Thomas Bach l’a annoncé lundi midi, les trois villes “requérantes” dans la course aux Jeux d’hiver de 2022 ont été choisies par la Commission exécutive du CIO comme villes candidates. Almaty, Oslo et Pékin ont donc passé le “cut”. Tout sauf une surprise. L’instance suprême du CIO les a désignées à l’unanimité.
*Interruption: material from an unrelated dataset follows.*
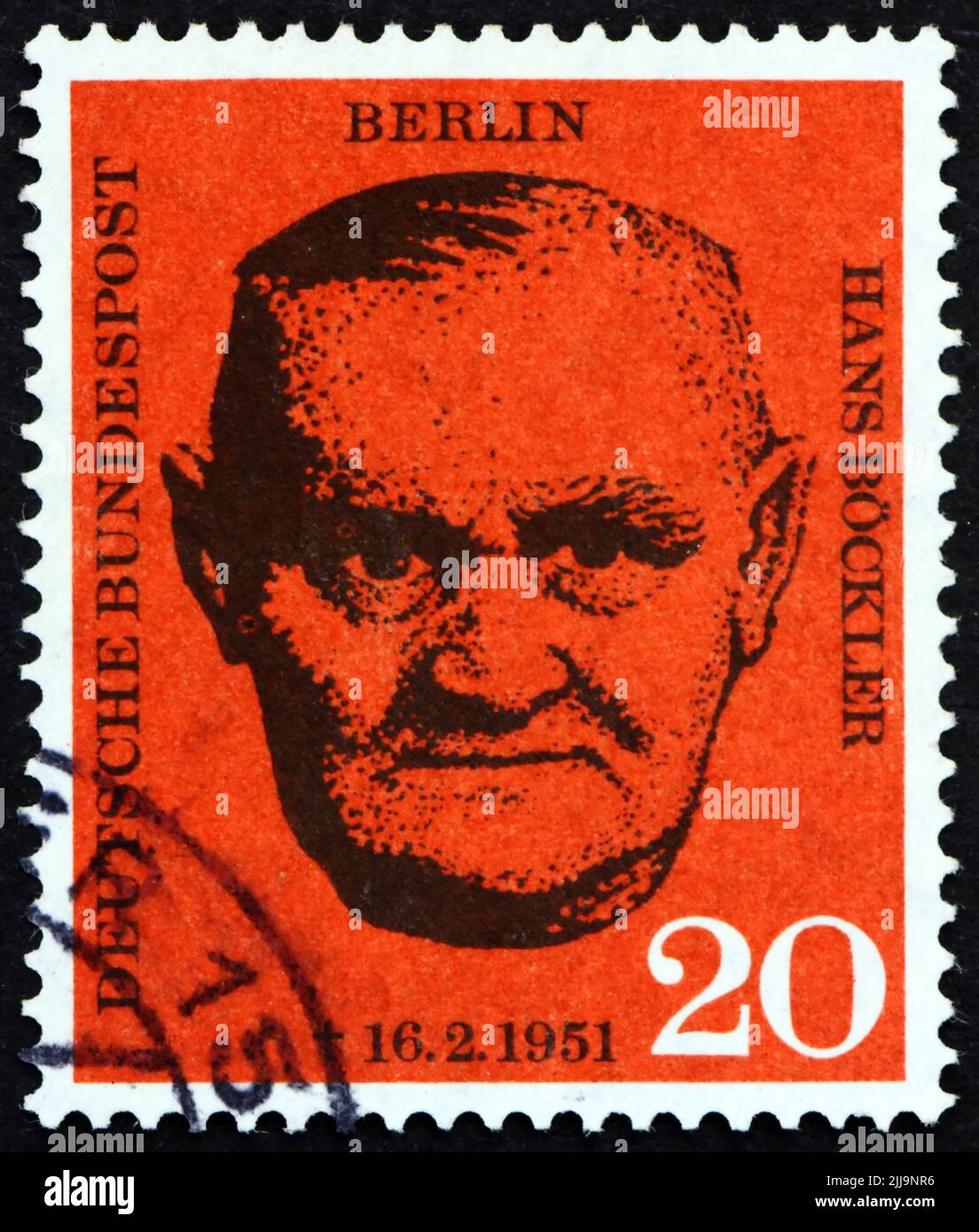 GERMANY - CIRCA 1960: a stamp printed in Germany, Berlin shows Hans Bockler, German Politician and Workers' Union Leader, circa 1960 Stock Photo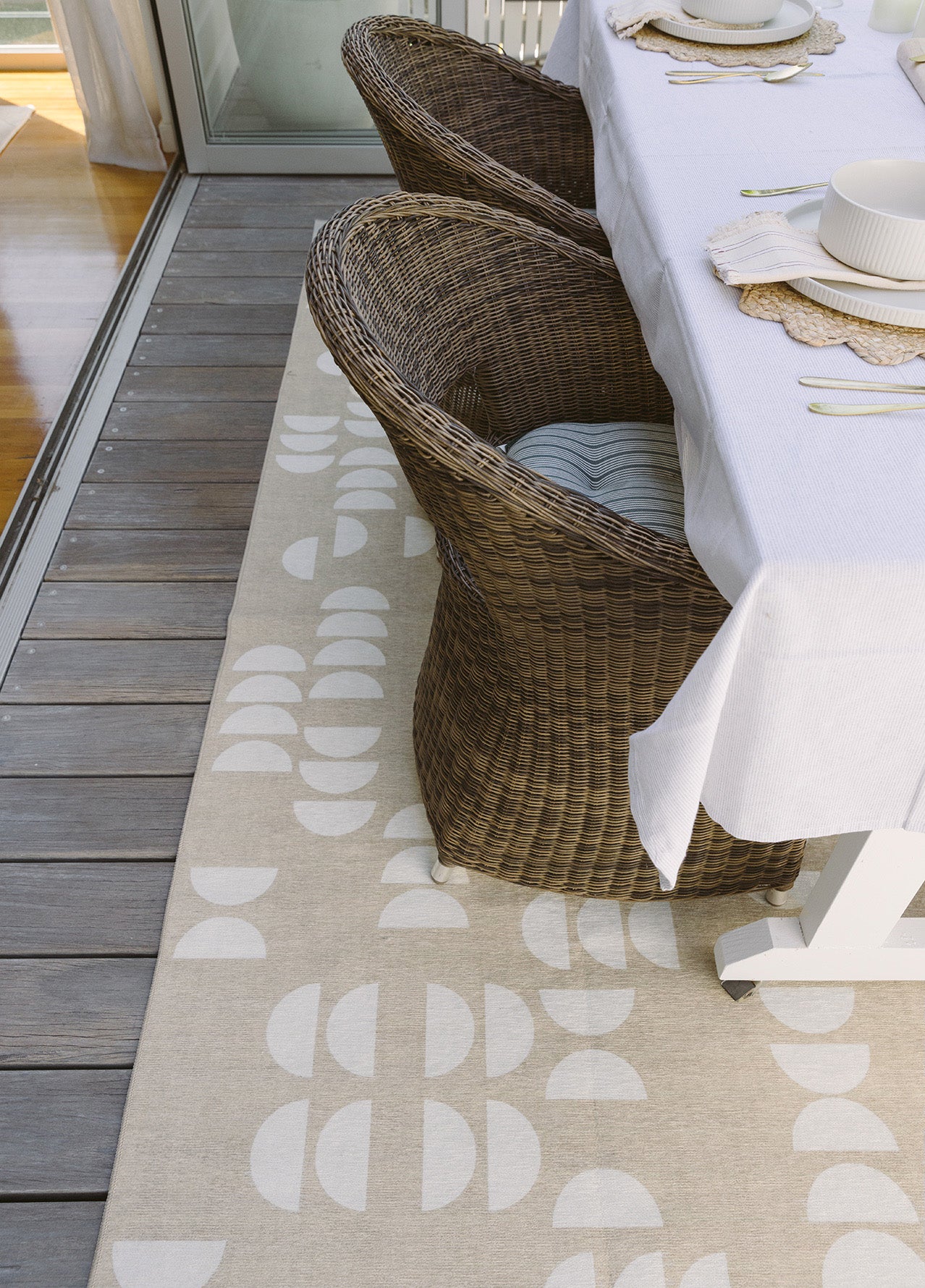 Gianna Beige Ivory Indoor Outdoor Washable Rug - Image 7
Le choix du CIO a été fait sur la base d’un rapport technique de plus de 60 pages, rédigé par un groupe de travail composé de 11 membres, tous experts des Jeux et/ou de l’univers olympique: Gian-Franco Kasper (Suisse), membre du CIO, président de la Fédération internationale de ski; Adam Pengilly (Grande-Bretagne), membre du CIO, représentant de la commission des athlètes; Caroline Assalian (Canada), directrice des sports du Comité olympique canadien; Grant Thomas (Etats-Unis), conseiller du CIO pour les questions d’infrastructure; John McLaughlin (Canada), conseiller du CIO pour les questions financières; David Stubbs (Grande-Bretagne), conseiller du CIO pour les questions d’environnement; Stefano Manelli (Italie), conseiller du CIO pour les questions de transport; Gilbert Felli (Suisse), directeur exécutif pour les Jeux olympiques; Christophe Dubi (Suisse), directeur exécutif adjoint pour les Jeux olympiques; Jean-Benoît Gauthier (France), directeur de l’information et de la technologie; Jacqueline Barrett (Grande-Bretagne), présidente de la commission de coordination des villes candidates.

Le rapport technique concocté par le groupe de travail ne manque pas de précision. Les trois dossiers des villes requérantes y sont observés au microscope, selon une quinzaine de critères, allant du concept des Jeux au logement dans le village des athlètes, en passant par le budget, le centre de presse, l’expérience olympique, les soutiens politique et public, la politique antidopage et les questions environnementales. Pour tous ces critères, les experts du CIO ont noté Almaty, Oslo et Pékin avec une note minimale et une note maximale, chacune allant de 0 à 10.

A ce jeu, Oslo mène la course. La candidature norvégienne obtient une note maximale de 9 pour son concept et ses sites de compétition, son village olympique et ses centres de presse, la sécurité, les télécommunications, les formalités douanières et d’immigration. Elle est notée 9,5 pour les critères “énergie” et “environnement”. Surtout, elle décroche un 10/10 pour son expérience olympique et sa politique de lutte contre le dopage. Son seul point faible: les soutiens politique et public, où le rapport lui donne entre 5 et 7 sur 10. Il est mentionné un sondage du début d’année où seulement 36% des Norvégiens interrogés se déclaraient favorables aux Jeux d’hiver à Oslo en 2022.

A l’autre bout du banc, Almaty fait presque figure de mauvais élève. Les experts du CIO lui ont distribué une série de notes très moyennes, relevant notamment sa faible expérience olympique (4,5 à 7 sur 10), son retard sur les questions d’environnement (5 à 6), sa parc hôtelier réduit (5 à 6,5), son réseau énergétique insuffisant (4 à 6). A l’inverse, la candidature du Kazakhstan bénéficie d’un impressionnant soutien des forces politiques et de la population. Un sondage commandé par le comité de candidature révèle un faible taux d’opposition (13%), les habitants du pays se déclarant à 65% favorables au projet olympique.

Invité surprise de cette course à trois, Pékin bénéficie pleinement de l’acquis des Jeux d’été en 2008. La capitale chinoise obtient des notes assez hautes pour son village des athlètes (8 sur 10), ses centres de presse (8,5), son expérience olympique (8), ses capacité d’hébergement (8,5) et ses conditions de sécurité (9). Sans surprise, Pékin décroche également le pompon pour les questions de budget (9), de soutien politique et public (9) et de télécommunications (9). Son seul point faible: les transports (5 à 7,5). Le rapport pointe du doigt le temps de trajet en bus entre Pékin et les sites de Zhangjiakou, où se dérouleraient les épreuves de ski, estimé actuellement à 2 h 45. Mais les experts précisent que la construction d’un train à grande vitesse en réduira nettement la durée.

Au premier temps intermédiaire, Oslo mène la course d’une courte tête devant Pékin, Almaty semblant un peu décroché. Mais la route sera longue avant la décision de l’Assemblée générale du CIO, le 31 juillet 2015 à Kuala Lumpur.